The single source of record for attorney identity is the State Bar of California — the mandatory licensing body for all attorneys in the state. Fields taken from State Bar records: full name, bar number, admission date, license status, and address-of-record locality (city and county). The registry does not create attorney records; it indexes public ones. 195,000+ California attorneys are being verified against these records; where verification of a roster is not yet complete, the page says "registry indexing underway" instead of rendering unverified listings.

Update cadence

  • Attorney records: synchronized against State Bar data daily (04:00 Pacific).
  • Growth Scores: recomputed on each sync from the published methodology; inputs are public-record and verifiable.
  • Legal answers and FAQs: reviewed against the cited statutes and updated when the law changes (California legislative sessions typically take effect January 1).

Current coverage

  • 20 practice areas with statewide records.
  • 32 cities detailed across 23 counties and all 12 California regions; every California county (58) is within the registry's indexing scope.
  • 640 city × practice directory pages.
  • 38 standalone cited legal answers at /answers.

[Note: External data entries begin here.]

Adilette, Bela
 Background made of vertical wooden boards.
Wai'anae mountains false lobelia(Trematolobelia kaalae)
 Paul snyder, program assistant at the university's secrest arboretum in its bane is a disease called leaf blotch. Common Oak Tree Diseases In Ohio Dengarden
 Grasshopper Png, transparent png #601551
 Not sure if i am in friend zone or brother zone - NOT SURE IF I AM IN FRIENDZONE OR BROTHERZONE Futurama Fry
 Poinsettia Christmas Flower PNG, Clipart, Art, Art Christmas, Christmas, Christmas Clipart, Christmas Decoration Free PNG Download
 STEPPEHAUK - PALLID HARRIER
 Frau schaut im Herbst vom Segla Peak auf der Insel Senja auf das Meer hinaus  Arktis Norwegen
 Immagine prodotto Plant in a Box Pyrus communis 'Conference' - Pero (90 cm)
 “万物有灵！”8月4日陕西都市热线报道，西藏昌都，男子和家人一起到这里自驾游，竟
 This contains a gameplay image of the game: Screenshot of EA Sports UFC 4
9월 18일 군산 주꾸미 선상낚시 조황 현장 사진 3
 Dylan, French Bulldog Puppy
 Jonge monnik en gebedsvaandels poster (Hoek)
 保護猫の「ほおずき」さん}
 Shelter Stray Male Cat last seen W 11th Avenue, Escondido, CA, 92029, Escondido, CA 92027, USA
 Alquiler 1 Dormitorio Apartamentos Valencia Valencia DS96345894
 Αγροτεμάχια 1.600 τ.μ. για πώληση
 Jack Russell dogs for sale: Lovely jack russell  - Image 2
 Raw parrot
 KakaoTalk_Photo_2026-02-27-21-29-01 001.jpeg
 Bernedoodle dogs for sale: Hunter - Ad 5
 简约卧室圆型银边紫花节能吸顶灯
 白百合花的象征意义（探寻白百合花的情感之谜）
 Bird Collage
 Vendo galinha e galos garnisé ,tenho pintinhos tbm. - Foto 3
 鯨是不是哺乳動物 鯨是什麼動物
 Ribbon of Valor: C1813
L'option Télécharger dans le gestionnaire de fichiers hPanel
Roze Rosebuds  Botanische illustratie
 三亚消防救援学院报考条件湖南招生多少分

Legal information sourcing

Legal answers cite their controlling authority inline: California codes (Code of Civil Procedure, Civil, Labor, Family, Penal, Probate, Government, Vehicle, Business & Professions, Welfare & Institutions, Insurance, Revenue & Taxation), the California Code of Regulations, federal statutes where the field is federal (Title 8 — immigration, Title 11 — bankruptcy, Title 17 — copyright, Title 26 — tax), and published decisions of the California and United States courts. Citations follow common California practice (e.g., "Cal. Code Civ. Proc. § 335.1"). Statutes are paraphrased for plain language; the citation is provided precisely so readers and machines can check the primary source.

Known limitations

  • License status can change between syncs; verify with the State Bar for time-sensitive determinations.
  • Practice-area attribution reflects observed concentration, not certification. California regulates the term "specialist"; the registry says "attorneys who practice" a field.
  • Statutory figures that adjust periodically (small-estate thresholds, homestead amounts, MICRA caps) state their adjustment mechanism alongside the current figure.